[RECORDS FOR THIS TASK]

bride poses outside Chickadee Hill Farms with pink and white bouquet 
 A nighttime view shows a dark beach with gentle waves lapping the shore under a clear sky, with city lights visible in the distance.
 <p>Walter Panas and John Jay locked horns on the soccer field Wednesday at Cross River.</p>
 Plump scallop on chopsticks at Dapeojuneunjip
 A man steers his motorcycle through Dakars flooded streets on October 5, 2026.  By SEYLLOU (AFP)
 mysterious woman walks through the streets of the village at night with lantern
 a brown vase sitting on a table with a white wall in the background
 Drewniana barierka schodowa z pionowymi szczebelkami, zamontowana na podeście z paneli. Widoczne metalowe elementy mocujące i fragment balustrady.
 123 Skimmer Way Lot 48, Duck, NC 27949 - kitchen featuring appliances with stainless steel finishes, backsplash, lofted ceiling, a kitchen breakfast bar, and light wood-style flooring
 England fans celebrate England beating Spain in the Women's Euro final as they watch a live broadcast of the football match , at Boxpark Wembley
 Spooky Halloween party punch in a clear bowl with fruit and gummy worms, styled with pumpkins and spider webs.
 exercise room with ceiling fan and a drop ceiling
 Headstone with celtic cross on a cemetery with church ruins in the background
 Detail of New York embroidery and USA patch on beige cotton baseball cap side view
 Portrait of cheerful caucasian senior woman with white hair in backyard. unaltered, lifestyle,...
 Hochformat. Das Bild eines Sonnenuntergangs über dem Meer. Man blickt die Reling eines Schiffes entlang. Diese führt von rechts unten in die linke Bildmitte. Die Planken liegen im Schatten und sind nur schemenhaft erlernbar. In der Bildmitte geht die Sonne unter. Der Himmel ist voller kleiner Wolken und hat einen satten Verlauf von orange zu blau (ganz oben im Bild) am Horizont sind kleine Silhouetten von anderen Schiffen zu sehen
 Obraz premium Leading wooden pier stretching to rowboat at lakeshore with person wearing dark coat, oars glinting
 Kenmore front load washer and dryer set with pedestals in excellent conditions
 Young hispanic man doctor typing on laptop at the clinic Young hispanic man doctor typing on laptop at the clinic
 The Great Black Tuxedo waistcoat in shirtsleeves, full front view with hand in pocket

[DESCRIPTION OF THE TASK] Reproduce the full listing above, character for character.

[REPLY TO THE EXERCISE]
bride poses outside Chickadee Hill Farms with pink and white bouquet 
 A nighttime view shows a dark beach with gentle waves lapping the shore under a clear sky, with city lights visible in the distance.
 <p>Walter Panas and John Jay locked horns on the soccer field Wednesday at Cross River.</p>
 Plump scallop on chopsticks at Dapeojuneunjip
 A man steers his motorcycle through Dakars flooded streets on October 5, 2026.  By SEYLLOU (AFP)
 mysterious woman walks through the streets of the village at night with lantern
 a brown vase sitting on a table with a white wall in the background
 Drewniana barierka schodowa z pionowymi szczebelkami, zamontowana na podeście z paneli. Widoczne metalowe elementy mocujące i fragment balustrady.
 123 Skimmer Way Lot 48, Duck, NC 27949 - kitchen featuring appliances with stainless steel finishes, backsplash, lofted ceiling, a kitchen breakfast bar, and light wood-style flooring
 England fans celebrate England beating Spain in the Women's Euro final as they watch a live broadcast of the football match , at Boxpark Wembley
 Spooky Halloween party punch in a clear bowl with fruit and gummy worms, styled with pumpkins and spider webs.
 exercise room with ceiling fan and a drop ceiling
 Headstone with celtic cross on a cemetery with church ruins in the background
 Detail of New York embroidery and USA patch on beige cotton baseball cap side view
 Portrait of cheerful caucasian senior woman with white hair in backyard. unaltered, lifestyle,...
 Hochformat. Das Bild eines Sonnenuntergangs über dem Meer. Man blickt die Reling eines Schiffes entlang. Diese führt von rechts unten in die linke Bildmitte. Die Planken liegen im Schatten und sind nur schemenhaft erlernbar. In der Bildmitte geht die Sonne unter. Der Himmel ist voller kleiner Wolken und hat einen satten Verlauf von orange zu blau (ganz oben im Bild) am Horizont sind kleine Silhouetten von anderen Schiffen zu sehen
 Obraz premium Leading wooden pier stretching to rowboat at lakeshore with person wearing dark coat, oars glinting
 Kenmore front load washer and dryer set with pedestals in excellent conditions
 Young hispanic man doctor typing on laptop at the clinic Young hispanic man doctor typing on laptop at the clinic
 The Great Black Tuxedo waistcoat in shirtsleeves, full front view with hand in pocket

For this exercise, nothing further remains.